Avoiding ping flood in ASP.NET Core health checks
Thing I left out from my post about ASP.NET Core health checks was the old legacy system we all know. It works and nobody wants to touch it. Other systems must be very careful with it because it is easy to break it down with load. Of course, there’s no way for us to replace or fix the elder monster. Here’s how to make sure we don’t take it accidentally down with too frequent ping checks or ping flood.
Quick jump to ASP.NET Core health checks
My previous health checks blog post introduced configurable ping health check. When called then it pings given address using ping timeout to avoid piling of health check requests when other end is sometimes too slow to answer.
public class PingHealthCheck : IHealthCheck
{
private string _host;
private int _timeout;
public PingHealthCheck(string host, int timeout)
{
_host = host;
_timeout = timeout;
}
public async Task<HealthCheckResult> CheckHealthAsync(HealthCheckContext context, CancellationToken cancellationToken = default)
{
try
{
using (var ping = new Ping())
{
var reply = await ping.SendPingAsync(_host, _timeout);
if (reply.Status != IPStatus.Success)
{
return HealthCheckResult.Unhealthy();
}
if (reply.RoundtripTime >= _timeout)
{
return HealthCheckResult.Degraded();
}
return HealthCheckResult.Healthy();
}
}
catch
{
return HealthCheckResult.Unhealthy();
}
}
}
Here is how I added ping checks to application Startup.
public void ConfigureServices(IServiceCollection services)
{
// ...
services.AddHealthChecks()
.AddCheck("ping1", new PingHealthCheck("www.google.com", 100))
.AddCheck("ping2", new PingHealthCheck("www.bing.com", 100));
// ...
}
In Configure method I told ASP.NET Core to use health checks with /hc end-point.
public void Configure(IApplicationBuilder app, IWebHostEnvironment env)
{
// ...
app.UseHealthChecks("/hc");
// ...
}
To try out health check with failed status then change host name in one ping check to something that doesn’t exist. If one of checks fails then the whole check is considered as failed. Same goes for degraded status.
Avoiding ping flood by caching ping check results
Let’s comme back to our old system that cannot handle too much load and that must be handled with care. We have to make sure that our elder monster is not pinged too often. Same time we may have other checks that can be run more frequently and we don’t want to stop effective monitoring just because of this one legacy system. What can we do?

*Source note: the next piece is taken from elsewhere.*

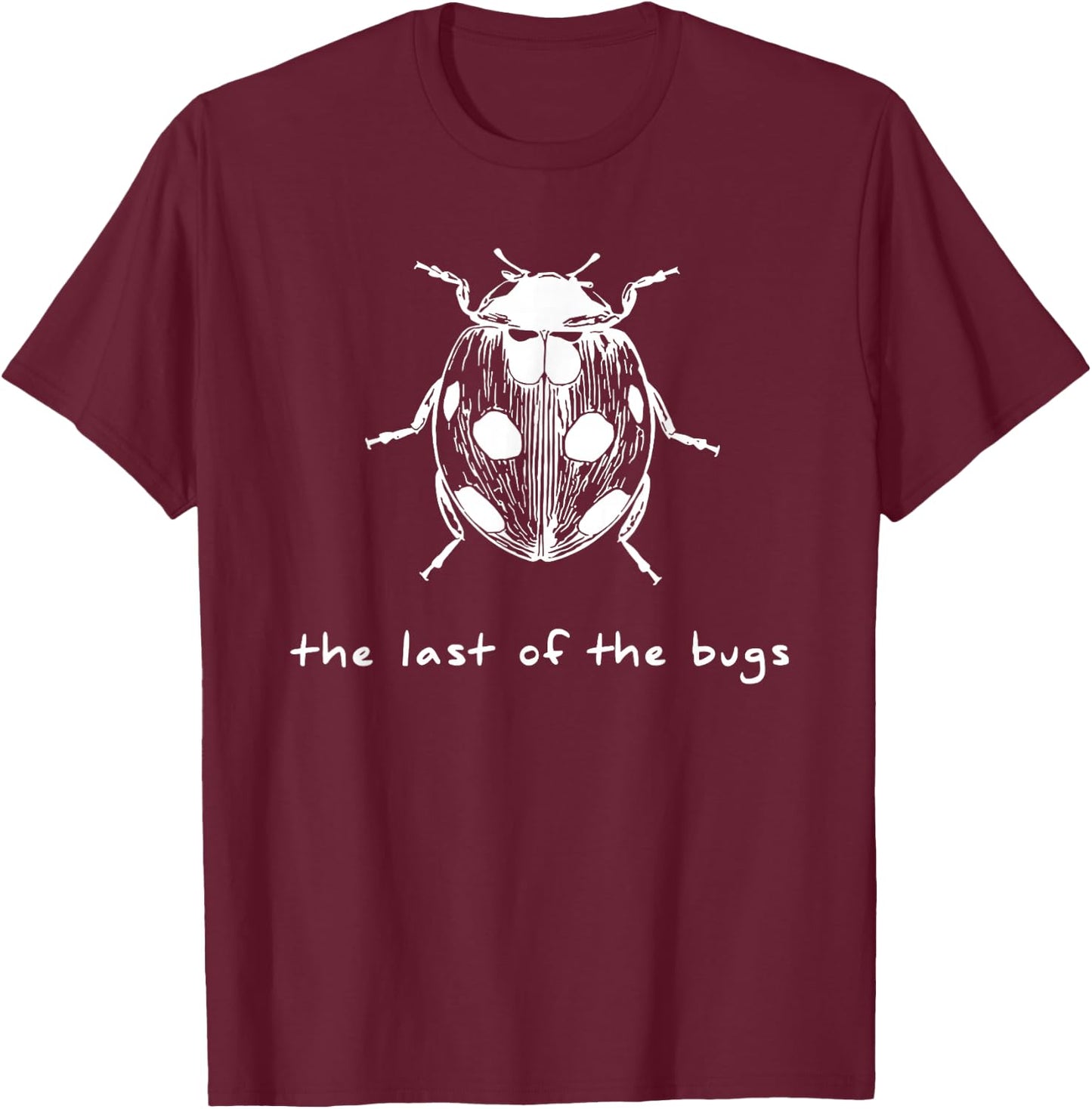 the Last of the Bugs T-Shirt - T-Shirt | Maroon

We can use local ping health check cache. If cache is not expired then we serve last status from cache when health checks are asked. For this I added private attributes for last ping time, last ping result and ping interval.

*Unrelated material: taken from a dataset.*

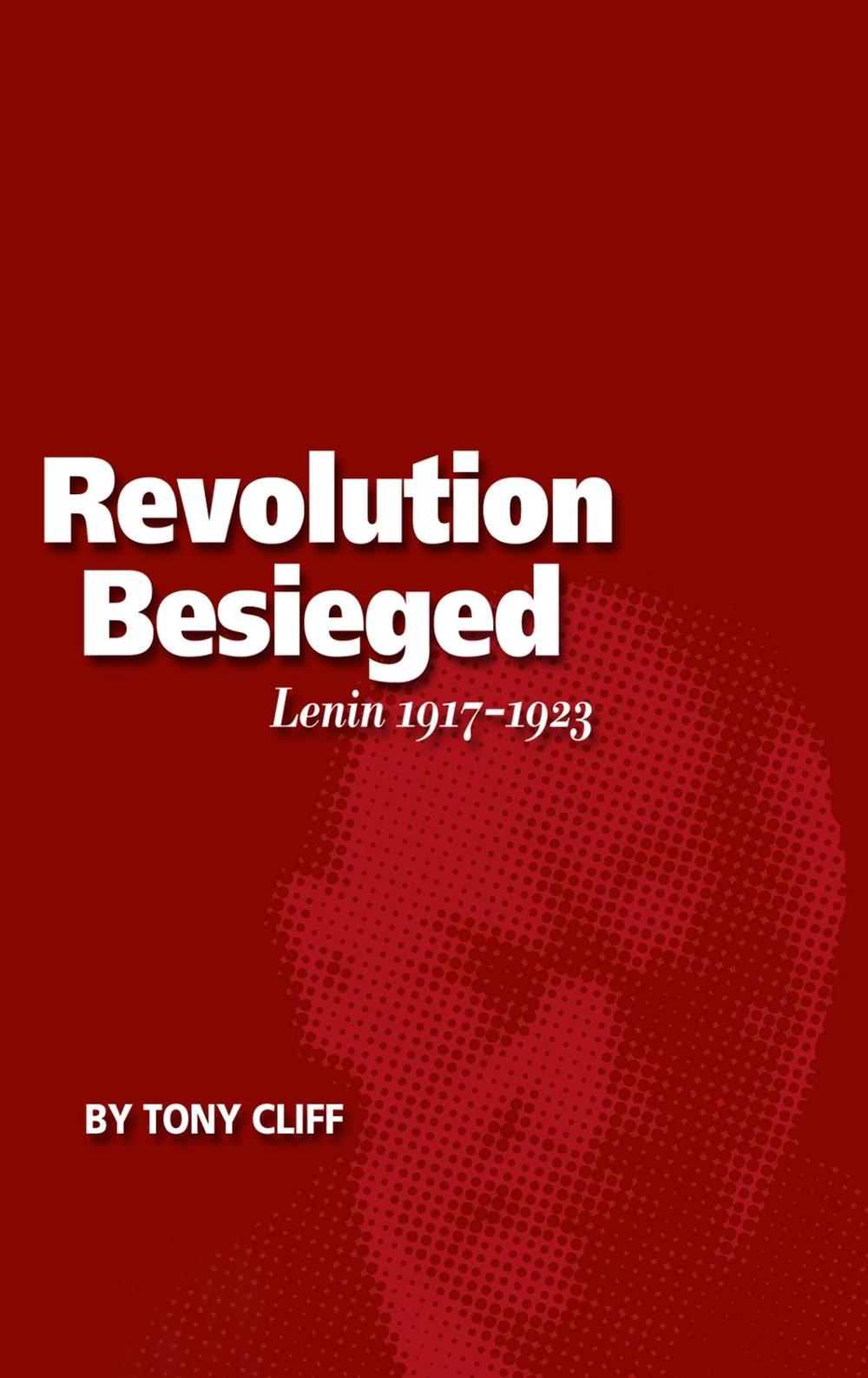 The Revolution Besieged, 9781608460878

public class PingHealthCheck : IHealthCheck
{
private string _host;
private int _timeout;
private int _pingInterval;
private DateTime _lastPingTime = DateTime.MinValue;
private HealthCheckResult _lastPingResult = HealthCheckResult.Healthy();
public PingHealthCheck(string host, int timeout, int pingInterval = 0)
{
_host = host;
_timeout = timeout;
_pingInterval = pingInterval;
}
public async Task<HealthCheckResult> CheckHealthAsync(HealthCheckContext context, CancellationToken cancellationToken = default)
{
if(_pingInterval != 0 && _lastPingTime.AddSeconds(_pingInterval) > DateTime.Now)
{
return _lastPingResult;
}
try
{
using (var ping = new Ping())
{
_lastPingTime = DateTime.Now;
var reply = await ping.SendPingAsync(_host, _timeout);
if (reply.Status != IPStatus.Success)
{
_lastPingResult = HealthCheckResult.Unhealthy();
}
else if (reply.RoundtripTime >= _timeout)
{
_lastPingResult = HealthCheckResult.Degraded();
}
else
{
_lastPingResult = HealthCheckResult.Healthy();
}
}
}
catch
{
_lastPingResult = HealthCheckResult.Unhealthy();
}
return _lastPingResult;
}
}
Now we can configure ping check for legacy monster to use cache for given amount of seconds. We specify cache duration in ConfigureServices() method of Startup class.
public void ConfigureServices(IServiceCollection services)
{
// ...
services.AddHealthChecks()
.AddCheck("ping1", new PingHealthCheck("www.google.com", 100))
.AddCheck("ping2", new PingHealthCheck("www.bing.com", 100, 30));
// ...
}
For simple cases where there is one client asking for health status it is enough.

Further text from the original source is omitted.